▶ **Aim of the task**
Would you repeat exactly the part of the listing below that runs from the line containing "SILLA BEIGE MADERA" down to the line containing "Кабель Ugreen micro HDMI to HDMI 3m Black (6957303831043) - Фото", inclusive, and nothing else?
═══ Records to use ═══
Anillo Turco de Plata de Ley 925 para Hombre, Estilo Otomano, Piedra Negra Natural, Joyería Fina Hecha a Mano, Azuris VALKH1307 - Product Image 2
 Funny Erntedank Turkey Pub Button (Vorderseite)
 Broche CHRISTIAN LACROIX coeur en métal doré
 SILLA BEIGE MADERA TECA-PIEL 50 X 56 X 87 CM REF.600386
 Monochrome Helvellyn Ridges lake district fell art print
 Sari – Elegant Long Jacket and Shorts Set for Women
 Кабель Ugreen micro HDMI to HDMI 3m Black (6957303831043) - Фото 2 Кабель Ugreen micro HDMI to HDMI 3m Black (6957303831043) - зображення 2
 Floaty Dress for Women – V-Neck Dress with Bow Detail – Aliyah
═══
▶ **Response**
 SILLA BEIGE MADERA TECA-PIEL 50 X 56 X 87 CM REF.600386
 Monochrome Helvellyn Ridges lake district fell art print
 Sari – Elegant Long Jacket and Shorts Set for Women
 Кабель Ugreen micro HDMI to HDMI 3m Black (6957303831043) - Фото 2 Кабель Ugreen micro HDMI to HDMI 3m Black (6957303831043) - зображення 2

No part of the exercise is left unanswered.